HLS4Matmul

2023.02.21

HLS code for simple unoptimized matrix multiplications (Initial Try for Learning HLS)

  • Jeong-Gun Lee / Hallym University

MM Accelerator on Zynq FPGA

* Note

  1. Zynq Processor Configuration: Keep in mind that we have to enable the use of HP ports for utilizing DMA.

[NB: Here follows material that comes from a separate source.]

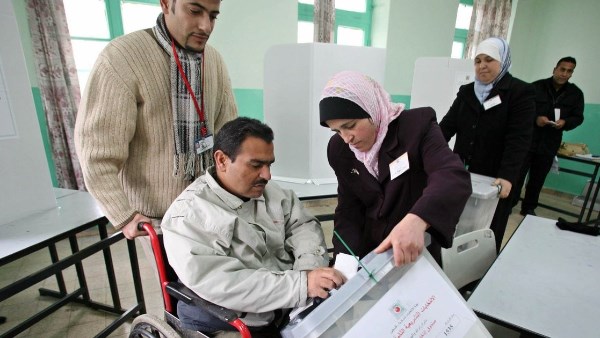 الانتخابات المركزية فى فلسطين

Customizing Zynq Processor IP

  1. DMA transfer data are typed as u32. Sometimes, we need two special functions to translate u32 to/from float.
unsigned int float_to_u32(float val)
{
	unsigned int result;
	union float_bytes {
		float v;
		unsigned char bytes[4];
	} data;

	data.v = val;

	result = (data.bytes[3] << 24) + (data.bytes[2] << 16) + (data.bytes[1] << 8) + (data.bytes[0]);

	return result;
}

unsigned int u32_to_float(unsigned int val)
{
	union {
		float val_float;
		unsigned char bytes[4];
	} data;

	data.bytes[3] = (val >> (8*3)) & 0xff;
	data.bytes[2] = (val >> (8*2)) & 0xff;
	data.bytes[1] = (val >> (8*1)) & 0xff;
	data.bytes[0] = (val >> (8*0)) & 0xff;

	return data.val_float;
}

* Overal Development Environment of Vitis-IDE.

Vitis-IDE

* Next Mission: Try to optimize the MM Accelerator with further memory optimization or bitwidth optimization.